На кухне страшно гудел и трясся допотопный холодильник. Внутри него обнаружилась колбаса, а также кусок сыра, десяток яиц, две банки рыбных консервов и кусок сала в морозильнике. Молодец Маринка – даже сала прикупила. Правда, что касается консервов, тут она допустила промашку, потому как он признавал лишь в масле консервированную рыбу, но отнюдь не в томате.
В ванной Подлесный нашёл своё любимое полотенце с кистями и туалетные принадлежности. Свежеизвлечённый из упаковки кусок мыла даже на вид прекрасно пахнул. На полу стояли его тапочки. Почему-то рядом с унитазом. А стоять тапочки должны были в коридоре, возле двери.
Небрежность – одна из определяющих особенностей характера Бояркиной. Экспромтом, по сути, родить блестящий план выдворения своего бывшего возлюбленного, а затем столь неаккуратно осуществить данную инсценировку – как раз в её стиле. Ведь знает же, что консервы в томате он терпеть не может. А взбивать подушки? Неужели ж он стал бы взбивать подушки?

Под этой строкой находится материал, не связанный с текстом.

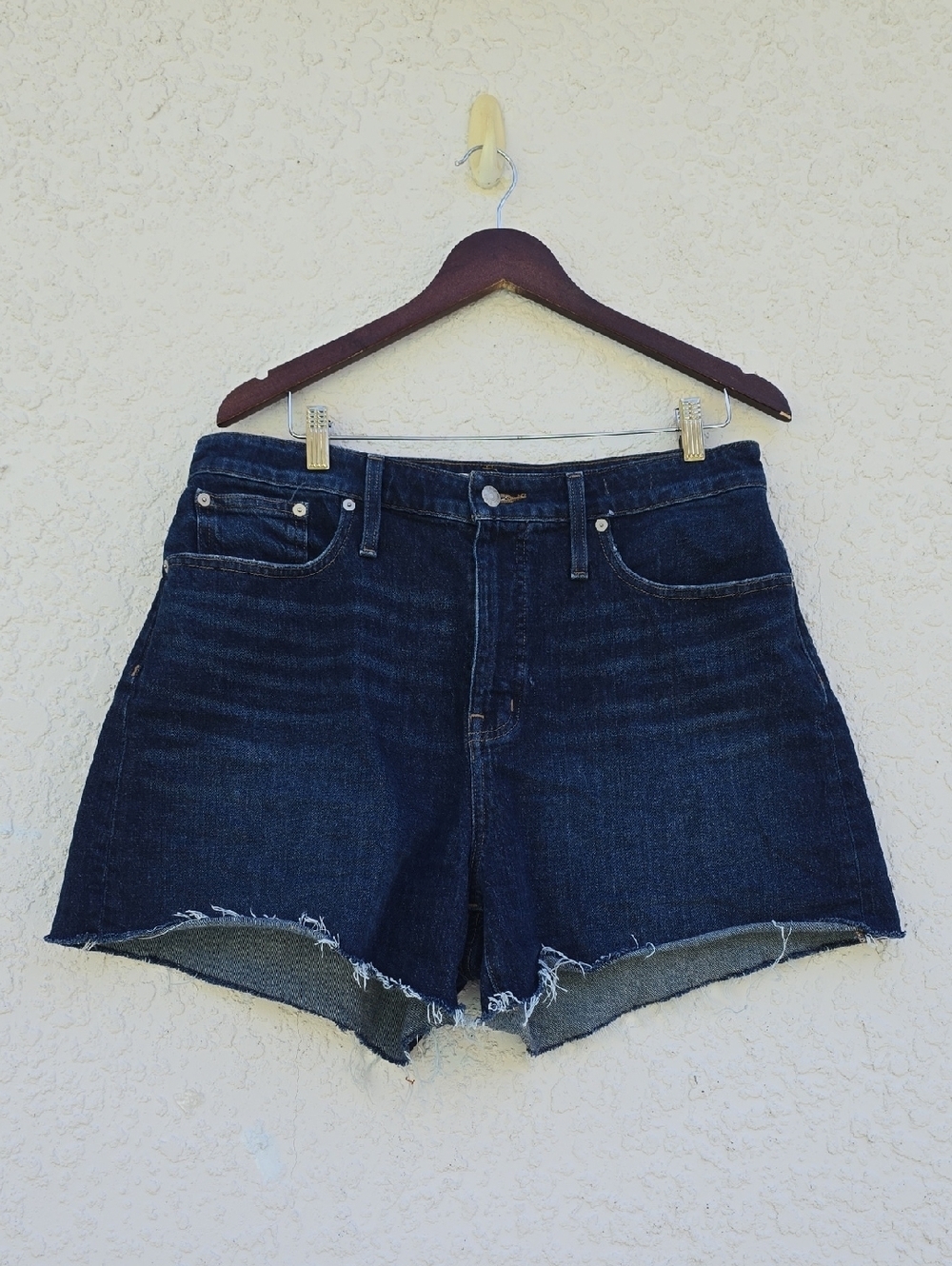 Madewell Curvy High-Rise Denim Shorts in Dark Wash - Raw Hem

Ему стало смешно. То есть он неожиданно для себя повеселел. О чём печалиться? Она подарила ему свободу, заплатив, к тому же, за квартиру, которая, надо надеяться, скоро будет восприниматься в качестве родного дома. Он ещё не в том возрасте, когда невозможно или очень трудно привыкать к новому месту жительства. Обживётся и ещё гостей будет принимать. Женщин. Его семейное положение изменилось. В лучшую или худшую сторону – он пока не разобрался. Однако всё выветрится: из квартиры – старушечий запах, из души его – Маринка со всеми её прибамбасами округлых форм.
12
Подлесный позвонил в дверь и долго ждал, пока ему откроют. Увидев его, Шура чуть улыбнулась и, кивнув, пригласила:
– Заходи.
– Здравствуй, Шура! Ты одна? Я тут мимо проходил…

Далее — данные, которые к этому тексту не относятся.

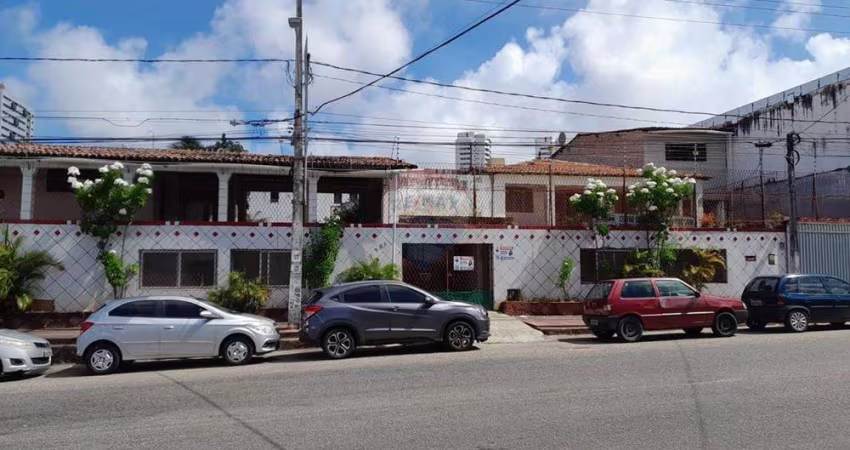 Vendo Prédio Comercial com 1.400m² em Lagoa Nova (Aceita Financiamento)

– Ясно. Ну заходи, раз мимо проходил.
Дмитрий разулся и двинулся следом за хозяйкой. Но вспомнил о бутылке и вернулся к оставленной возле вешалки сумке. Заметив в руках Дмитрия бутылку вина, Шура молча поднялась и отправилась на кухню. Спустя пять минут они уже пили вино, закусывая шоколадом и яблоками. Шура выглядела невесёлой и словно измученной физически и душевно.
– Кстати, а где твой муж? – спросил Дмитрий. – Он у тебя в командировке?

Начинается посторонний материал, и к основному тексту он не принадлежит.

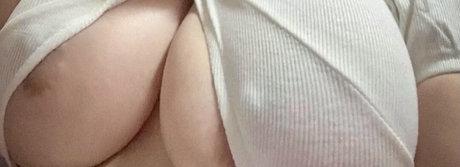 Misschubbybabe nus étoiles des photos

– Может быть, и в командировке, – устало произнесла Шура.
– Что значит «может быть»? Вы расстались?
– Так чтоб умышленно мы, кажется, не расставались, но… – Шура тяжело вздохнула и посмотрела Дмитрию в глаза. – Но он исчез. Между прочим, в тот самый день, когда ты был у меня. В ту ночь, если уж быть совсем точной.
– Но ведь столько времени прошло… И что, никаких известий?
– Увы.
– В милицию обращалась?
– Обращалась. Увы.
– При каких обстоятельствах? – продолжил расспросы Подлесный. – Кто его видел последним? Где? Зацепки есть какие-то?
– Я его видела последней. Вышел из квартиры и пропал. И больше ни слуху ни духу.
– Похитить его не могли? Не представлял он, как думаешь, интерес для похитителей?
Шура горько усмехнулась:
– Выкуп до сих пор никто не требовал.
– Похищают не только с целью выкупа, – заметил Дмитрий.
– Не знаю, у меня уже голова разламывается от всяких-разных мыслей, – Шура пальцы обеих рук запустила в волосы. После паузы продолжила: – А вчера я взяла его фотографию и стала внимательно на неё смотреть. И смотрела долго-долго, пока в глазах всё не задвоилось и не поплыло. И вдруг мне показалось: мёртвый. Он – это вдруг как озарение – мёртвый!
– Ну, это, в общем, и не доказательство, – принялся успокаивать женщину Дмитрий. – Взять хотя бы фирму, в которой я работаю. Столько ошибок, чтоб ты знала, было! У нас тоже этими делами занимаются – людей по фотографиям пытаются разыскивать.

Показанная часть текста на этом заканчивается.